Eyeing the screen’s monochrome look and the blockish typeface, veteran users may sense that they have been flung backward in computer time. Some may even understand that the message’s alarming reference to a “fatal exception” means that the program has encountered a bug it cannot recover from and has crashed, or that the cryptic hexadecimal (base 16) numbers describe the exact location in the computer’s memory where the crash took place. None of the information is of any value to most users. The comfortable, familiar interface of the application they were using has vanished; a deeper layer of abstraction–in this case, the Windows “shell” or lower-level control program–has erupted like a slanted layer of bedrock poking up through more recent geological strata and into the sunlight.
(Perplexing as the Blue Screen of Death is, it actually represented a great advance from earlier versions of Windows since it sometimes allows the user to shut down the offending program and continue working. Before the blue screen, the crash of one Windows program almost always took down the entire machine and all its programs.)
In an essay titled “The Law of Leaky Abstractions,” Joel Spolsky wrote, “All non-trivial abstractions, to some degree, are leaky. Abstractions fail. Sometimes a little, sometimes a lot. There’s leakage. Things go wrong.” For users this means that sometimes your computer behaves in bizarre, perplexing ways, and sometimes you will want to, as Mitch Kapor said in his Software Design Manifesto , throw it out the window. For programmers it means that new tools and ideas that bundle up some bit of low-level computing complexity and package it in a new, easier-to-manipulate abstraction are great, but only until they break. Then all that hidden complexity leaks back into their work. In theory, the handy new top layer allows programmers to forget about the mess below it; in practice, the programmer still needs to understand that mess, because eventually he is going to land in it. Spolsky wrote:
Abstractions do not really simplify our lives as much as they were meant to. … The law of leaky abstractions means that whenever somebody comes up with a wizzy new code-generation tool that is supposed to make us all ever-so-efficient, you hear a lot of people saying, “Learn how to do it manually first, then use the wizzy tool to save time.” Code-generation tools that pretend to abstract out something, like all abstractions, leak, and the only way to deal with the leaks competently is to learn about how the abstractions work and what they are abstracting. So the abstractions save us time working, but they don’t save us time learning. … And all this means that paradoxically, even as we have higher and higher level programming tools with better and better abstractions, becoming a proficient programmer is getting harder and harder.

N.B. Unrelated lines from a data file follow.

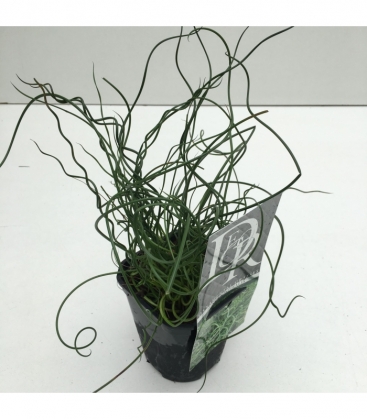 Juncus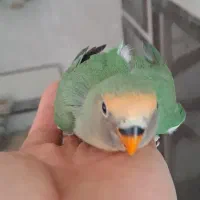 طوطی عروس هلندی جفت مولد|پرنده|همدان, |دیوار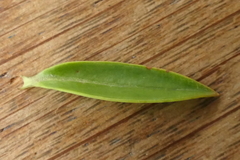 Veronica subfulvida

So even though “the abstractions we’ve created over the years do allow us to deal with new orders of complexity in software development that we didn’t have to deal with ten or fifteen years ago,” and even though these tools “let us get a lot of work done incredibly quickly,” Spolsky wrote, “suddenly one day we need to figure out a problem where the abstraction leaked, and it takes two weeks.”
The Law of Leaky Abstractions explains why so many programmers I’ve talked to roll their eyes skeptically when they hear descriptions of Intentional Programming or other similar ideas for transcending software’s complexity. It’s not that they wouldn’t welcome taking another step up the abstraction ladder; but they fear that no matter how high they climb on that ladder, they will always have to run up and down it more than they’d like–and the taller it becomes, the longer the trip.